In 1994 BYTE Magazine ran the first big cover story on cloud computing: The Network with Smarts. Although we included a sidebar called Don't Write Off The Internet, which noted that the newly-minted Secure Hypertext Transfer Protocol might be an enabler of electronic commerce, our story wasn't about the Internet. Rather it was about AT&T's PersonaLink and IBM's Intelligent Communications. Both were networks based on the sorts of agents that science fiction had taught us to expect. Our agents would watch us, learn our patterns, help us manage our data, and negotiate with agents representing other people and organizations.
Tellingly the word advertising appears nowhere in that story. Customers weren't going to be the product; they wouldn't submit to surveillance in exchange for the use of free services. Instead they'd subscribe to paid services that would enable them to be more powerful actors in a connected world.
The story hasn't played out that way, at least not yet. The cloud platform has become a real option for companies needing managed pay-as-you-use IT capacity. But you have to squint hard to see the emerging personal cloud. That future is already here, as William Gibson would say, but it's unevenly distributed.

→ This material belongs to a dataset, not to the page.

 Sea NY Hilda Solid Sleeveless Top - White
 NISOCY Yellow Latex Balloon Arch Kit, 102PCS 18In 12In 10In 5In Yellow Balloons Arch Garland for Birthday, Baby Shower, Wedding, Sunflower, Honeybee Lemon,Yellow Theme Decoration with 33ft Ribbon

I see signs of the personal cloud in services like Dropbox, Evernote, and Flickr. You can use them for free, or you can pay for higher capacity and enhanced customer service. But the personal cloud also arises from a way of thinking about, and using, any of the services the web provides.
Consider the case of a friend's mother-in-law, an author with a new website who wondered about its promotional reach. My friend ran some searches for her name on Twitter and Google, then loaded the RSS feeds for those queries into Google Reader. "Voila!" he said. "Her personal PR aggregation network was born. She didn't know it was possible. It's like having personal agents watching everything that goes on and sending you the information."
Five years ago I retired from the tech punditocracy. Nowadays I work for Microsoft, using its enterprise cloud to bootstrap one particular kind of personal cloud: a calendar system that will empower my friend's mother-in-law to promote her book tours in the same way that his PR aggregator empowers her to monitor her web presence.
My calendar project explores themes central to a larger vision of the personal cloud. It's partly about cloud services that we use -- sometimes for free, sometimes as subscribers. But it's also about a set of principles that govern how the web works, and a way of thinking that enables us to make the web work for us. We can all be web thinkers and web makers. In this column, on most Fridays, I'll view the evolving cloudscape through that lens.